Hallelujah Hollywood! Well before Jubilee!, Donn Arden conceived and staged this revue for the original MGM Grand (now Bally’s). It was, Playboy opined, “everything old Hollywood has come to represent—glitter, gaudiness, glamour—turned out with that special perversity only Vegas can provide.” The spectacle included 700 costumes (many designed by Bob Mackie), a couple of promising young magicians named Siegfried and Roy and the Strip’s first all-black chorus line. By present-day Vegas standards, Hallelujah Hollywood! had a good run, debuting in late 1973 and lasting until 1980, the year of the MGM Grand fire.

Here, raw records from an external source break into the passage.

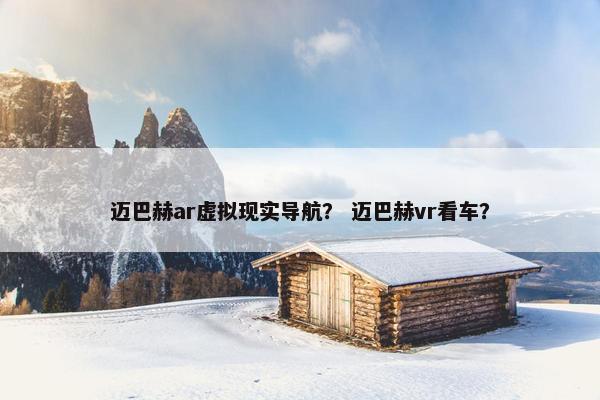 迈巴赫ar虚拟现实导航？ 迈巴赫vr看车？
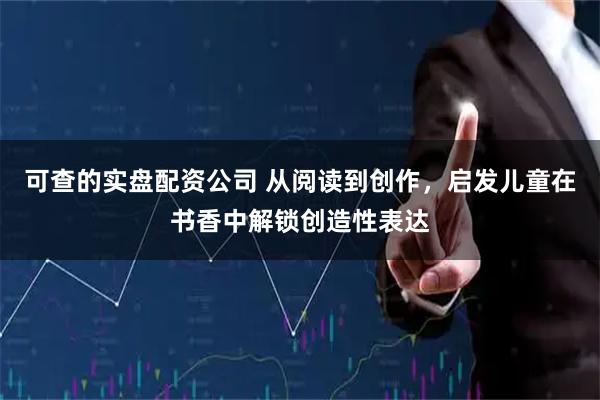 可查的实盘配资公司 从阅读到创作，启发儿童在书香中解锁创造性表达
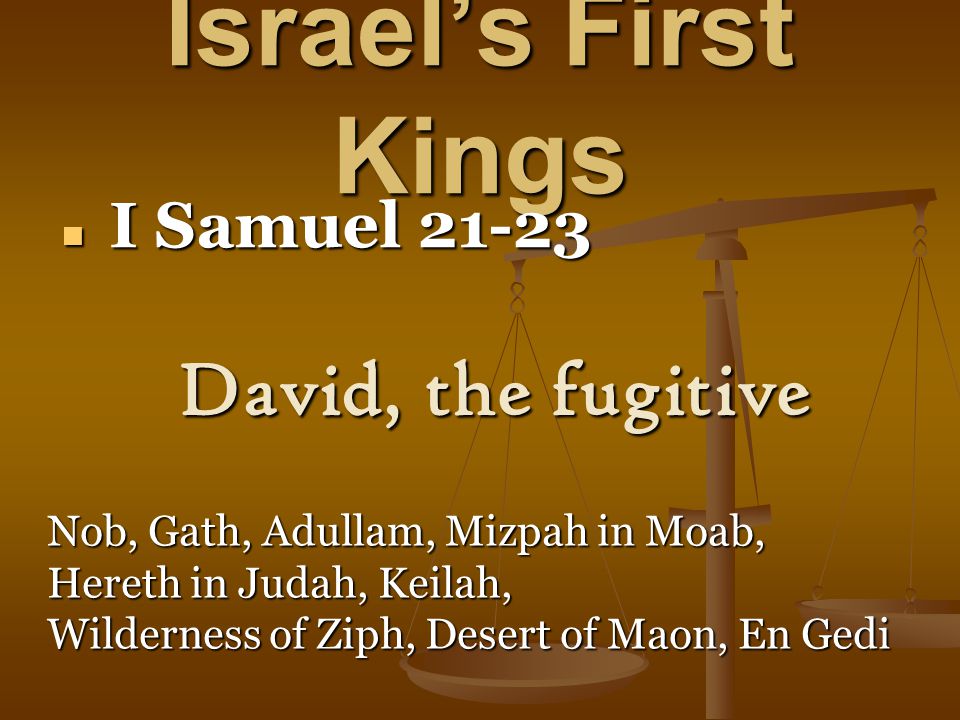 Israel’s First Kings I Samuel I Samuel David, the fugitive Nob, Gath, Adullam, Mizpah in Moab, Hereth in Judah, Keilah, Wilderness of Ziph, Desert of Maon, En Gedi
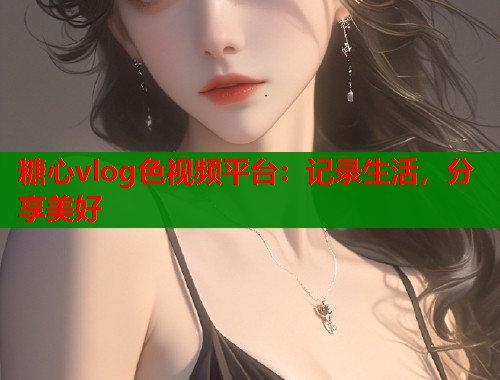糖心vlog色视频平台：记录生活，分享美好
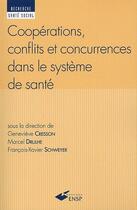 Couverture du livre « Coopérations, conflits et concurrences dans le système de santé » de Francois-Xavier Schweyer aux éditions Ehesp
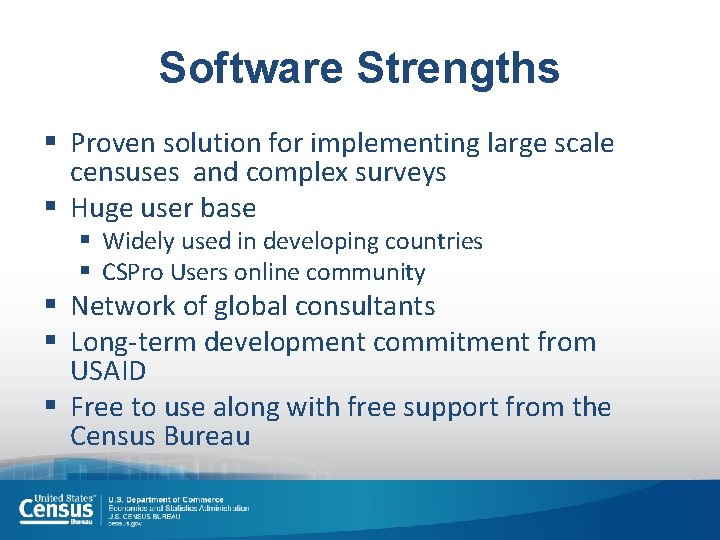 Software Strengths § Proven solution for implementing large scale censuses and complex surveys §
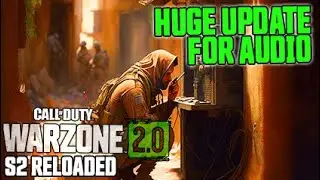 HUGE Warzone 2.0 Audio Changes | S2 Reloaded Leaks!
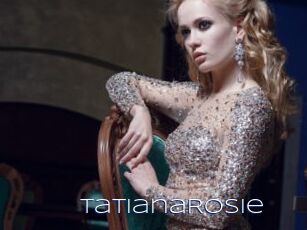 TatianaRosie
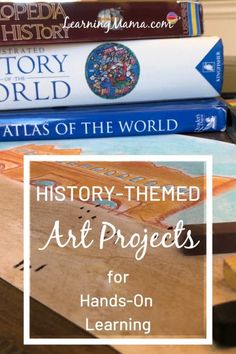 books stacked on top of each other with the title, history - themed art projects for hands - on learning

Casino de Paris Imported from its titular city, this two-decade Strip mainstay launched at the Dunes in 1963. In addition to bare breasts (and lots of them; the show had a cast of 100), the $2 million spectacular featured pec-flexing musclemen and an eight-sided armature called the Octuramic that got deployed into the audience. Producer Frederic Apcar had already struck gold at the Dunes with Viva Les Girls!, and Dunes management was so confident in the Parisian’s Vegas sequel, it built a theater expressly for the new spectacle. The show demanded 518 costumes and 250 hats—designs that in the 1970s would be reimagined for Vegas by none other than Yves St. Laurent.

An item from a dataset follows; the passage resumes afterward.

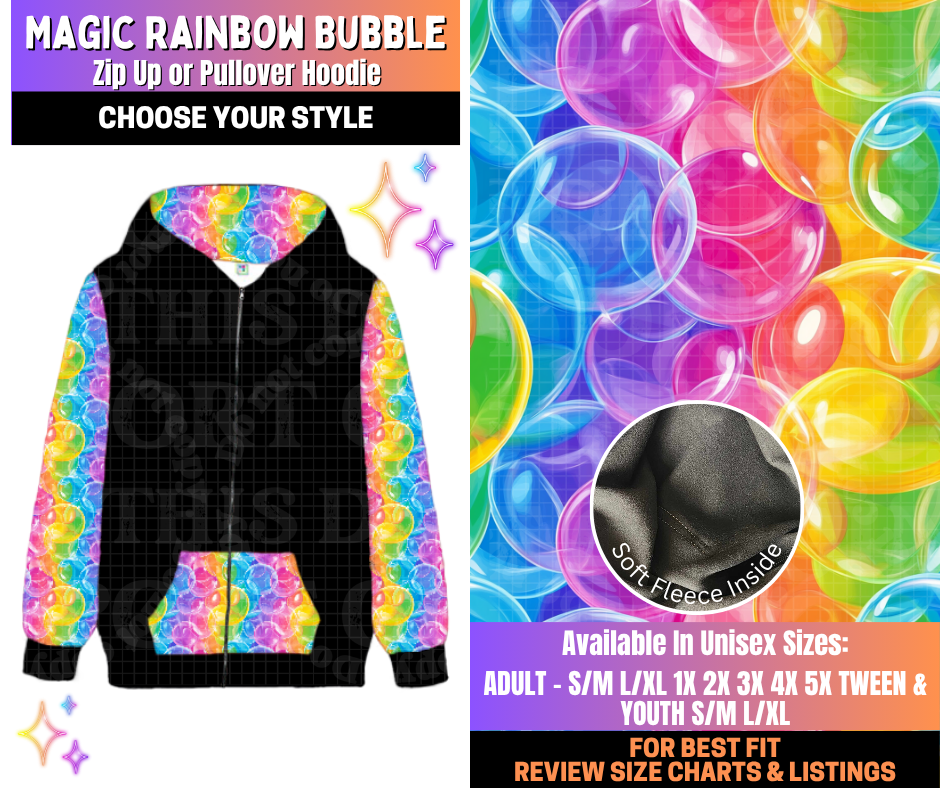 Preorder! Closes 12/10. ETA March. Magic Rainbow Bubble Zip-Up or Pullover Hoodie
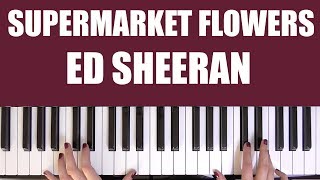 HOW TO PLAY SUPERMARKET FLOWERS  ED SHEERAN [upl. by Neisa]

Harold Prince productions Phantom—The Las Vegas Spectacular was not the Broadway master showman’s first encounter with the Strip. During the late ’50s and early ’60s, Prince-directed “tab” shows were a regular fixture of the Strip, beginning with Pajama Game at the Dunes in 1957 and continuing through Fiddler on the Roof at Caesars Palace, the latter starring Theodore Bikel. A more-obscure Prince-ling was Tenderloin, which only lasted 216 performances on Broadway, but which Prince was able to leverage into a Dunes engagement that opened in May 1961 and played for two adults-only shows a night, 14 times a week. Phantom was really an aberration among the Prince-in-Vegas tradition, because he changed elements of the original show (especially the timing of the chandelier fall), whereas his prior imports had replicated the Broadway experience as closely as possible under Strip time constraints.